DIFFICULT PEOPLE
During my lifetime I have come across many difficult and often very rude people who will spoil your whole day for you. Some seem to be downright unpleasant and goes around, bragging about how smart or sporty or even clever they are. I often wonder if they pass on things that were told to them in confidence, just to be spiteful. Of course, they end up losing friends on their path of boasting and rudeness.

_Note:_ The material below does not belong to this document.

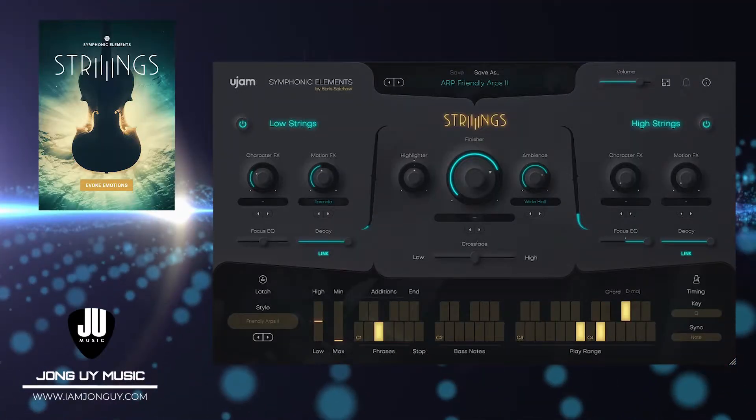Jolly right here and welcome back to the Weekly Score. This is your weekly guide on the latest deals for plugins, virtual instruments, and gear. Let's check out what's there to score for you this week.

Do they choose to be difficult?
No one chooses to be difficult without a reason. People normally don't act in a way that estranges others without some sort of a reason which drives them to act the way they do. Is it worthwhile trying to find out what drives their behavior? It is difficult to approach these people, it cost nothing to think of a way that you can help them. If you can start to see what drives their behavior, it will be easier to cope with it, although it might be a pain to try and get behind their behavior, it should be a little bit more bearable to be in their company and that in itself is a good reason to put yourself in their shoes.
Some will insult you if you try, all I know is that they need help, serious help and maybe they crave the attention they never received as children and this makes them feel insecure. A lot of people feel small and try to 'big' themselves up by putting other people down. This is not the right way to deal with insecurity or whatever the problem might be, but you can see where they are coming from. Maybe you can give them what they need.

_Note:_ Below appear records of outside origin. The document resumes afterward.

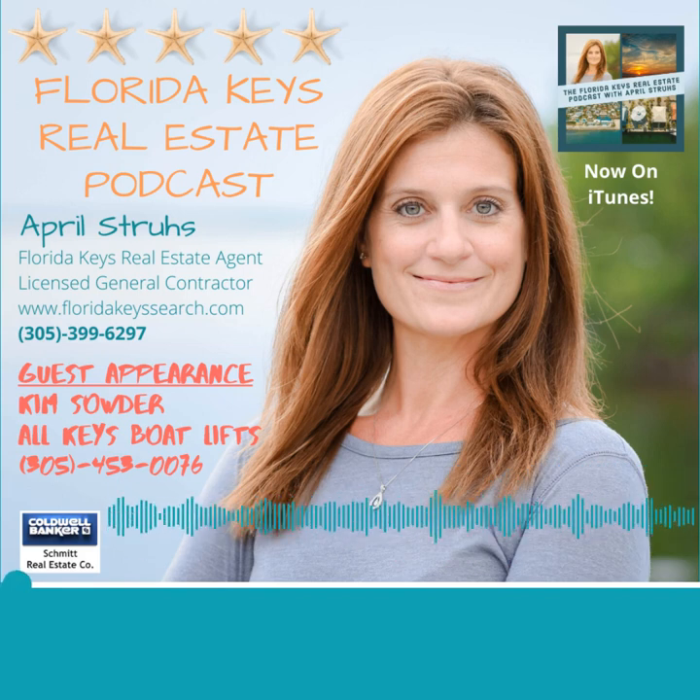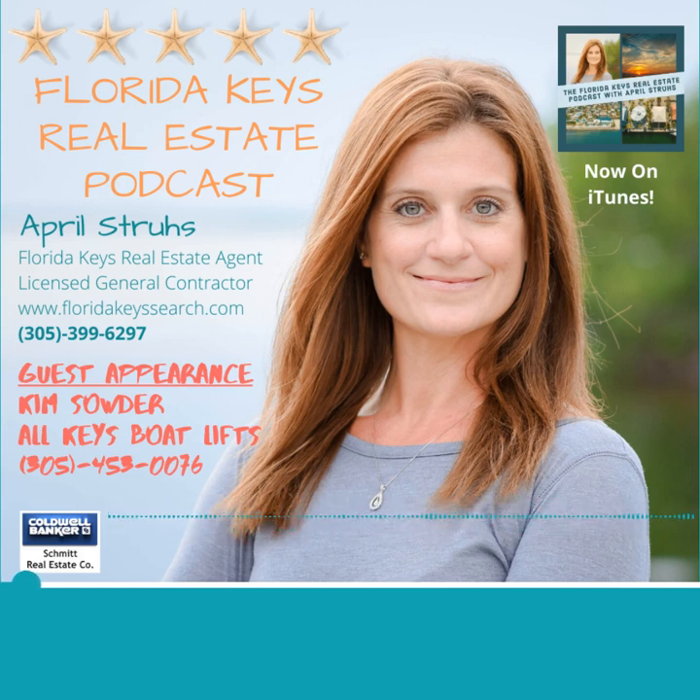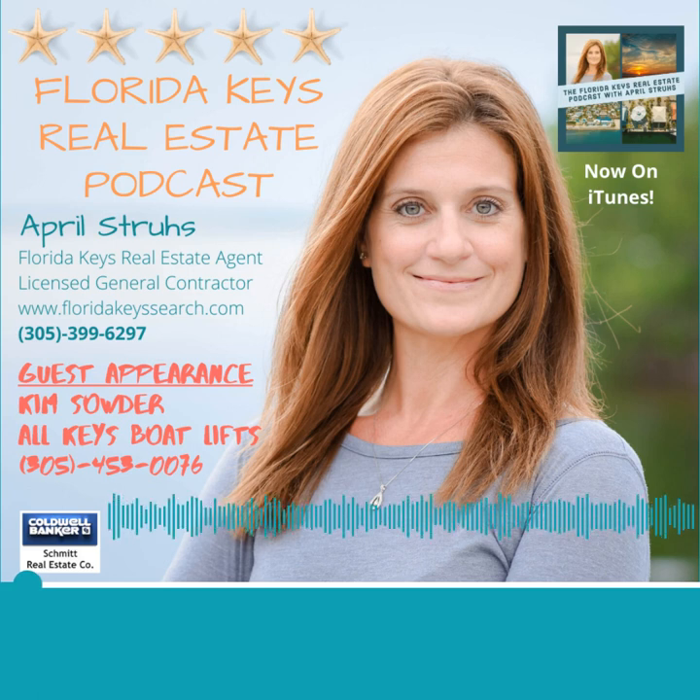Boating is a big part of the Florida Keys lifestyle. In this episode, we discuss a couple different ways to store your boat at your waterfront property. Welcome to Florida Keys Real Estate Podcast. I am your host, April Struce, and today we are going to discuss docks, boat lifts, davits — basically everything you need to know about storing a boat at your waterfront house here in the Keys. To help answer all of these questions, we have our local expert, Kim Sauter, with All Keys Boat Lifts.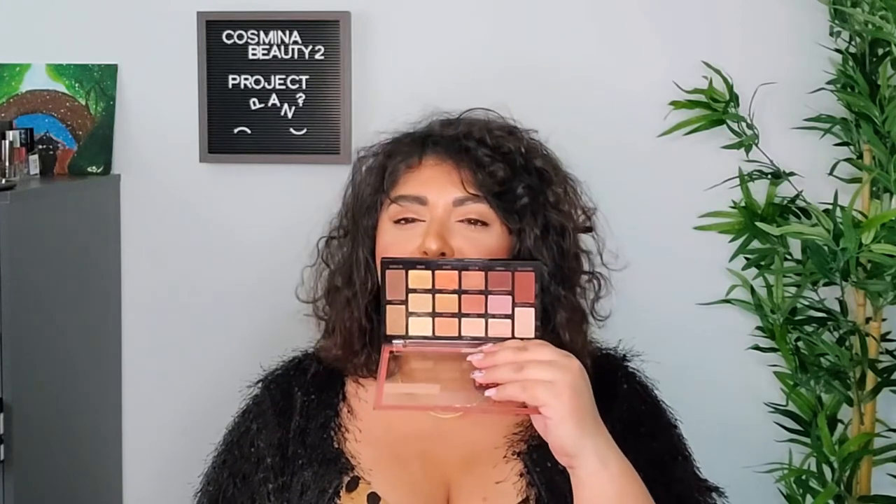One that I was debating whether to include — because I do love others more — but because it was such a huge surprise for me this year, is Nudes of New York from Maybelline. I decided to put this one in as well. I think it's the best eyeshadow palette from the drugstore at the moment. Gorgeous looks, amazing formula, so blendable. The shimmers are gorgeous, everything about it is just so well made. And the price — you can't beat this price.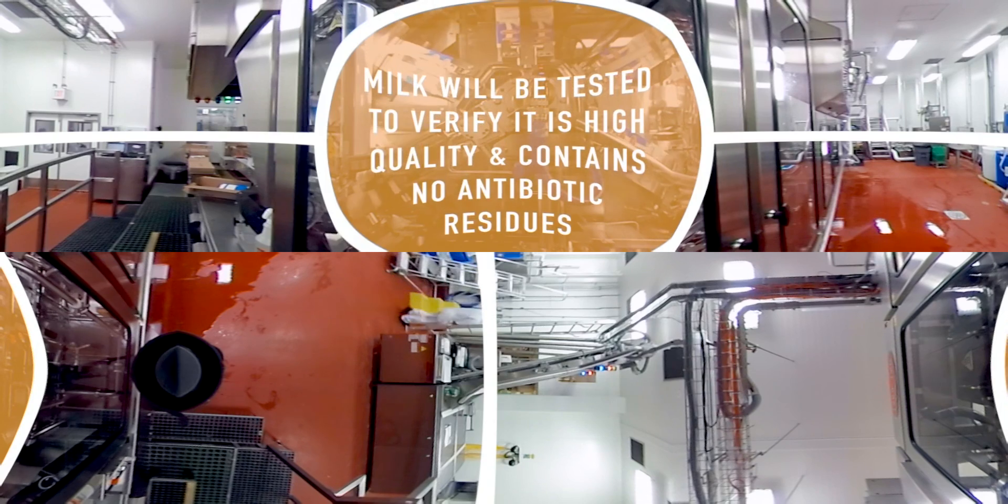If you want to learn more about the next steps of milk's journey to your local store, check out the next 360 video on milk processing.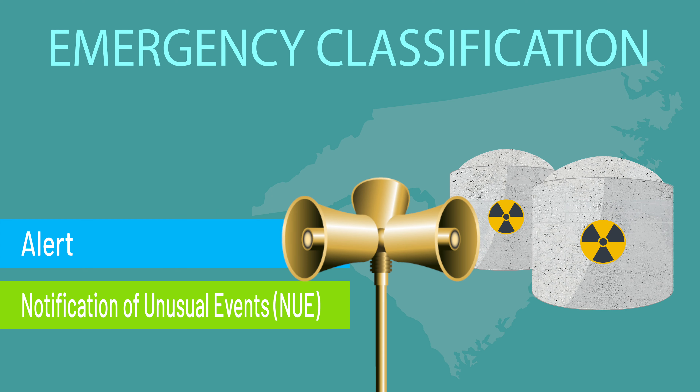The next level up is an alert. An alert is an event that involves an actual or potential substantial degradation of safety, combined with a potential for limited uncontrolled releases of radioactivity from the plant. An alert is still a relatively minor incident and no public action is required.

How should I deal with a Big-Head?
When a big-head brags about himself and insult you because he thinks it's funny, your first reaction is to put them down which is quite understandable but this is counter-productive. If you choose this way they will need to big themselves up even more and this time it will be much worse than before. Rather give them credit for something positive they've done or achieved or where credit is deserved. This way you will be saving everybody the unpleasantness to cope an atmosphere not asked for, because of Mr. Big-Head. Of course, it won't always work, but at least you have tried and that should make you feel better for having tried.
Parents are playing a role
People with those kinds of tendencies often have parents who constantly criticise their children, they never give praise for anything well done, these parents rarely show any approval. It can also be a partner who is pushing his or her partner harder than they can cope with or something else that does not justify their behavior but could be explained in a way.
I have often wondered why some people are like that, you find them everywhere. I do not think they are happy people at all. Thank you frieda, this was very nice reading.
Thank you for your reply. Yes, they are everywhere and I also think they must be very unhappy!